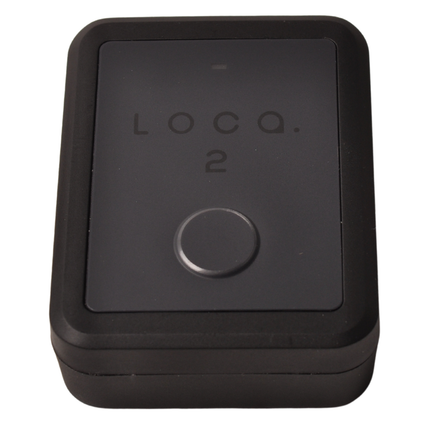 Loca Loca Traceur GPS sans abonnement - Plug & Play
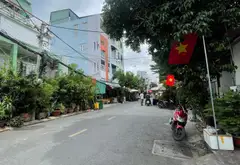🏡 BÁN GẤP NHÀ 4 TẦNG Q.7 - SÁT HIM LAM 🏡.... Bán nhà riêng tại Tân Hưng, Hồ Chí Minh 02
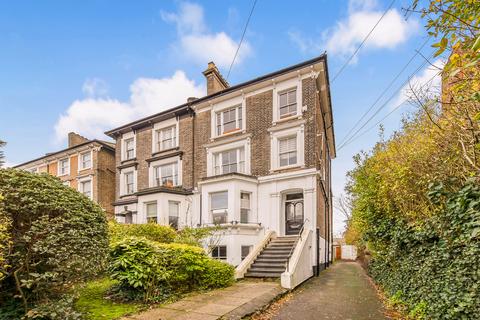 3 bedroom flat for sale, Thurlow Park Road,  London, SE21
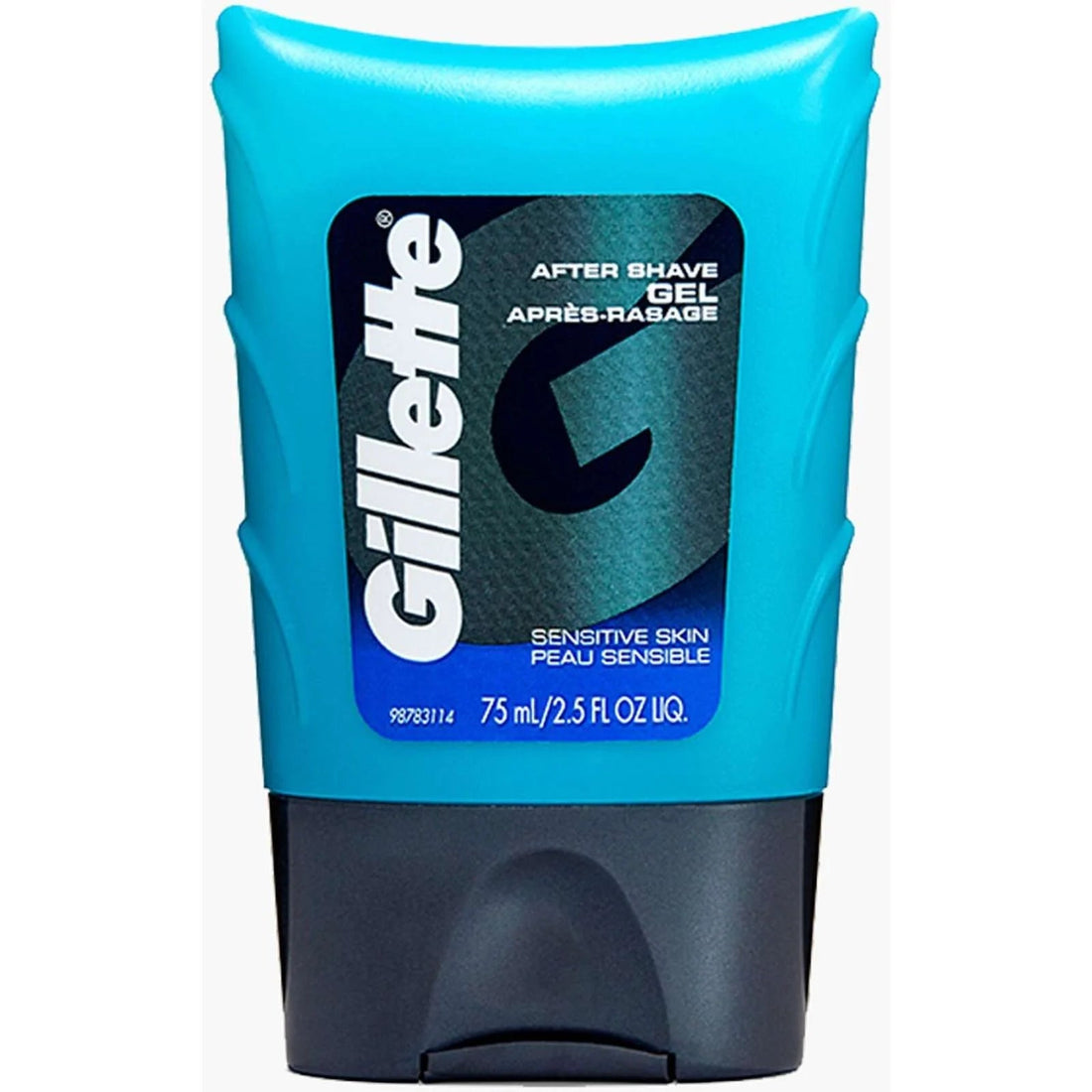 Gillette Series Sensitive Skin After Shave Gel - 2.5 Fl Oz 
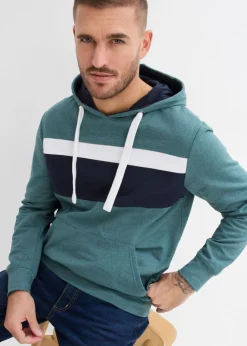 Sudadera con capucha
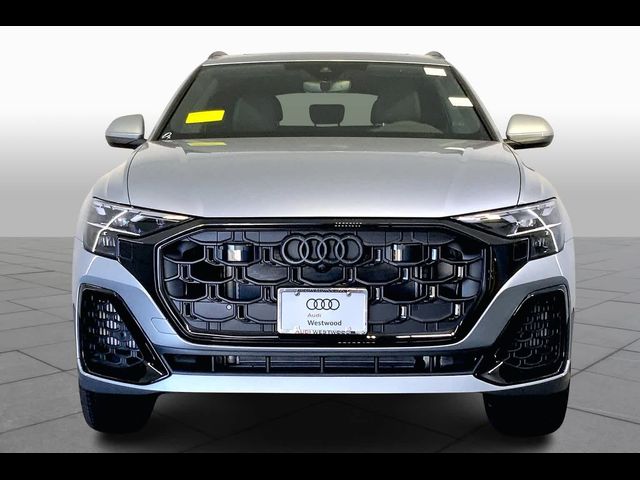 2024 Audi Q8 Premium Plus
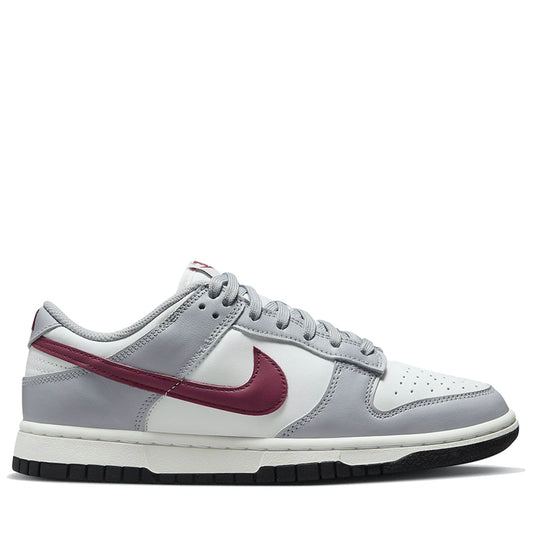 Nike Dunk Low Pale Ivory Redwood (W)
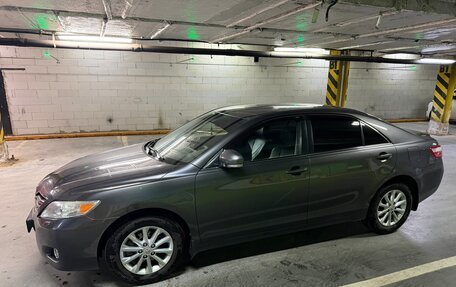 Toyota Camry, 2010 год, 1 500 000 рублей, 3 фотография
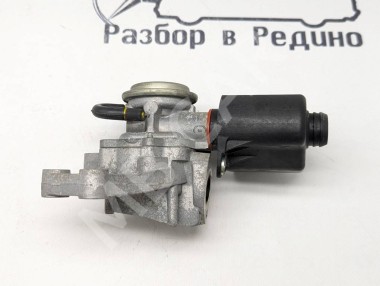 Клапан рециркуляции ОГ MERCEDES-BENZ C-класс W204/S204/С204 рестайлинг (2011 - 2015) — Разборка Мерседес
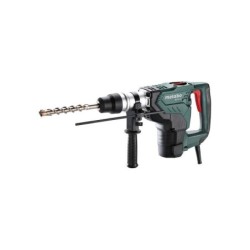 Marteau perforateur burineur SDS Max METABO Kh5-40, 1100 W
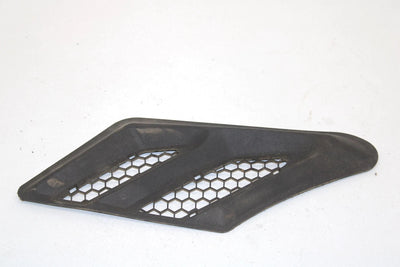 08 Polaris Fst Iq Touring Oem Resonator Vent Screen 5436407-070 SP174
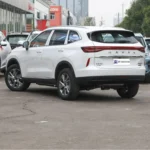 Haval H6 Phev Car Compact Hybrid SUV– Buy Direct From China | Competitive China Price UK - Image 3
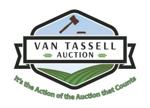 Van Tassell Auction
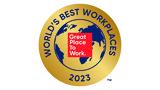 Teleperformance, Top 5,World’s Best Workplaces 2023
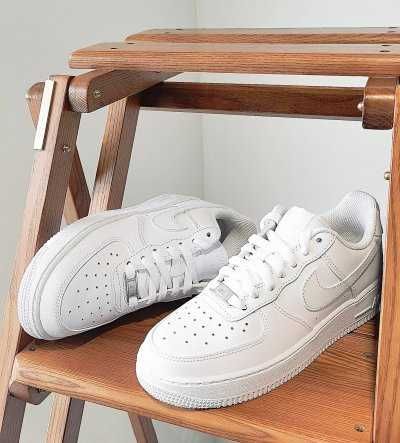 Nike Air Force - Novas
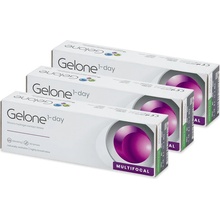 Gelone 1-day Multifocal 90 čoček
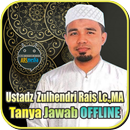 Kajian Ustadz Zulhendri Rais Lc.MA ذوالهندري رئيس APK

What the task asks:
All preceding records should be duplicated verbatim, images excepted.

Solution below:
 Loca Loca Traceur GPS sans abonnement - Plug & Play
🏡 BÁN GẤP NHÀ 4 TẦNG Q.7 - SÁT HIM LAM 🏡.... Bán nhà riêng tại Tân Hưng, Hồ Chí Minh 02
 3 bedroom flat for sale, Thurlow Park Road,  London, SE21
 Gillette Series Sensitive Skin After Shave Gel - 2.5 Fl Oz 
 Sudadera con capucha
 2024 Audi Q8 Premium Plus
 Nike Dunk Low Pale Ivory Redwood (W)
 Toyota Camry, 2010 год, 1 500 000 рублей, 3 фотография
 Клапан рециркуляции ОГ MERCEDES-BENZ C-класс W204/S204/С204 рестайлинг (2011 - 2015) — Разборка Мерседес
 Marteau perforateur burineur SDS Max METABO Kh5-40, 1100 W
 08 Polaris Fst Iq Touring Oem Resonator Vent Screen 5436407-070 SP174
 Haval H6 Phev Car Compact Hybrid SUV– Buy Direct From China | Competitive China Price UK - Image 3
 Van Tassell Auction
 Teleperformance, Top 5,World’s Best Workplaces 2023
 Nike Air Force - Novas
 Gelone 1-day Multifocal 90 čoček
 Kajian Ustadz Zulhendri Rais Lc.MA ذوالهندري رئيس APK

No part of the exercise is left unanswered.